■ **WORK TASK**:
Could you repeat every record below exactly, leaving out the pictures?

■ **DATA PROVIDED**:
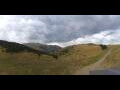 Webcam La Molina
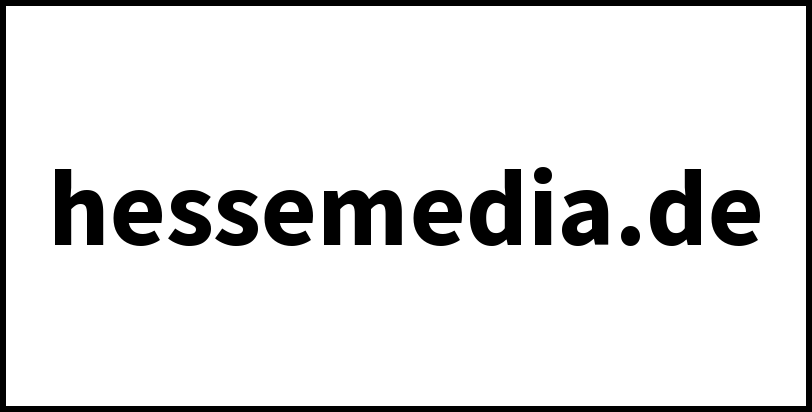 hessemedia.de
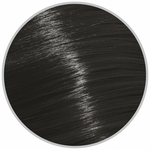 Davines Mask with Vibrachrom Hair Color 100 ml - 3.0 - By Baano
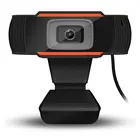 Hd 1080P Компьютерная камера, конференц-видео веб-камера, веб-камера, умная Usb-камера для цифровой камеры класса, видеозапись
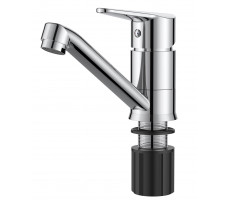 Смеситель Breeze BZ15 VODA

■ **PROBLEM SOLUTION**:
 Webcam La Molina
 hessemedia.de
 Davines Mask with Vibrachrom Hair Color 100 ml - 3.0 - By Baano
 Hd 1080P Компьютерная камера, конференц-видео веб-камера, веб-камера, умная Usb-камера для цифровой камеры класса, видеозапись
 Смеситель Breeze BZ15 VODA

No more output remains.